L’attenzione alla sindrome e alla sua diagnosi è ancora più importante oggi, alla luce dei dati raccolti da ricercatori dello Sheba Medical Center in Israele e pubblicati di recente su PLOS One: analizzando circa 200 pazienti ricoverati per Covid-19 nel 2020, è emerso che l’87% ha avuto almeno un sintomo correlato alla fibromialgia dopo essere guarito dall’infezione, il 15% ha sviluppato la sindrome nei cinque mesi successivi. Fra le donne l’incidenza è stata del 26%, sei volte maggiore rispetto alla popolazione generale; i sintomi più comuni, presenti ciascuno in oltre un caso su due, sono stanchezza, disturbi del sonno e dolori muscolari e articolari.

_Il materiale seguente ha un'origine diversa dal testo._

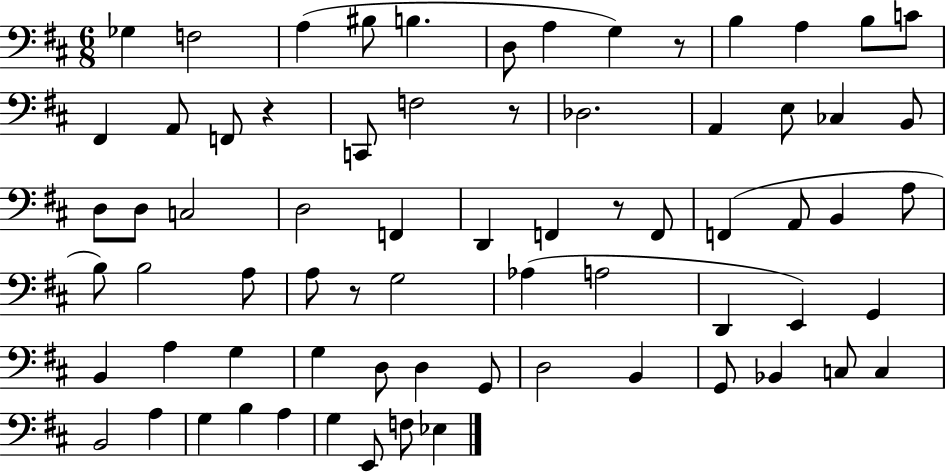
{
  \clef bass
  \numericTimeSignature
  \time 6/8
  \key d \major
  ges4 f2 | a4( bis8 b4. | d8 a4 g4) r8 | b4 a4 b8 c'8 | \break fis,4 a,8 f,8 r4 | c,8 f2 r8 | des2. | a,4 e8 ces4 b,8 | \break d8 d8 c2 | d2 f,4 | d,4 f,4 r8 f,8 | f,4( a,8 b,4 a8 | \break b8) b2 a8 | a8 r8 g2 | aes4( a2 | d,4 e,4) g,4 | \break b,4 a4 g4 | g4 d8 d4 g,8 | d2 b,4 | g,8 bes,4 c8 c4 | \break b,2 a4 | g4 b4 a4 | g4 e,8 f8 ees4 | \bar "|."
}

“Questi dati valgono anche per il nostro Paese, confermati dalla ‘real life’, e dimostrano l’importanza di mantenere alta l’attenzione sulla fibromialgia, soprattutto in chi è stato ricoverato per Covid-19, ma non solo – osserva Marco Cascella, responsabile dell’HUB del dolore del Pascale e Responsabile Scientifico del Convegno -. Sappiamo per esempio che la fibromialgia giovanile colpisce il 2-6% di bambini e adolescenti, soprattutto femmine, e in questi casi è ancora più essenziale intervenire per garantire una buona qualità di vita e per scongiurare conseguenze sul benessere psicologico: ricerche recenti hanno dimostrato alterazioni nelle aree cerebrali deputate all’elaborazione del dolore e nella corteccia frontale, in zone connesse alla regolazione ed elaborazione delle emozioni. È perciò importante prendere in carico questi pazienti in maniera da evitare che possano sviluppare malesseri psichici ed emotivi a causa del vissuto negativo indotto dalla sindrome”.

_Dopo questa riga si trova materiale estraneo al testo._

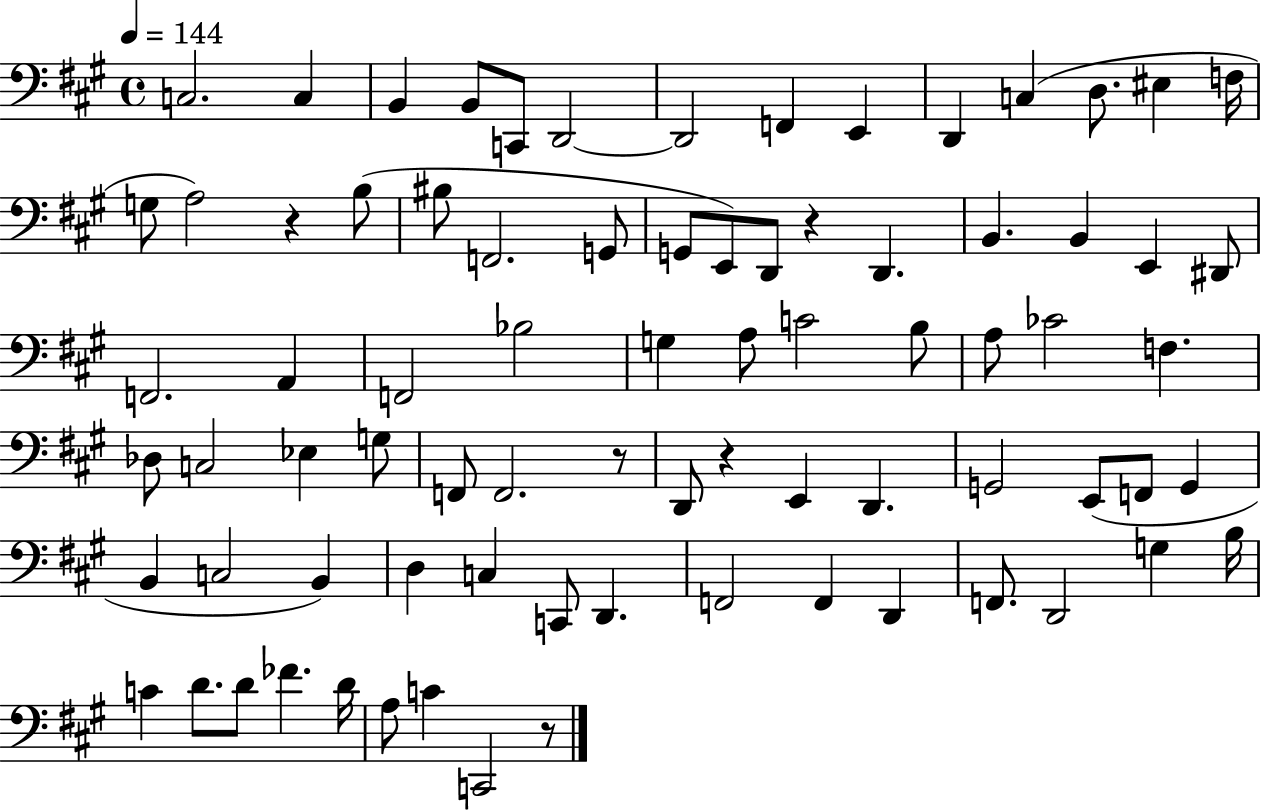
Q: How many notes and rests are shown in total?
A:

“Nel Centro di Terapia del dolore del Pascale, così come in tutti gli analoghi Centri italiani di alta specialità, si pone particolare attenzione alla presa in carico globale dei pazienti affetti da dolore cronico, anche di tipo fibromialgico, intervenendo non solo sulla componente fisica ma anche sull’aspetto psicologico, grazie ad un team multidisciplinare – riprende Cuomo -. Oggi sappiamo, per esempio, che la depressione può essere una conseguenza della fibromialgia. Ma a lungo i pazienti sono stati ritenuti ‘malati immaginari’, che somatizzavano disagi psicologici. Non è così e lo dimostra anche l’efficacia di alcuni antidepressivi in pazienti selezionati, con fibromialgia e depressione. La terapia può includere anche miorilassanti e antidolorifici, ma i trattamenti sono per lo più non farmacologici e soprattutto personalizzati, con interventi sullo stile di vita, educativi e psicoterapeutici. Purtroppo la fibromialgia non è inclusa nell’elenco delle patologie croniche e quindi nei LEA: i pazienti non hanno diritto a esenzioni per visite, esami e terapie e questo complica non poco la gestione della sindrome, per la quale sarebbe importante creare percorsi adeguati così da ridurre i tempi per la diagnosi e garantire una presa in carico assistenziale adeguata in centri con esperienza nel campo”, conclude Cuomo.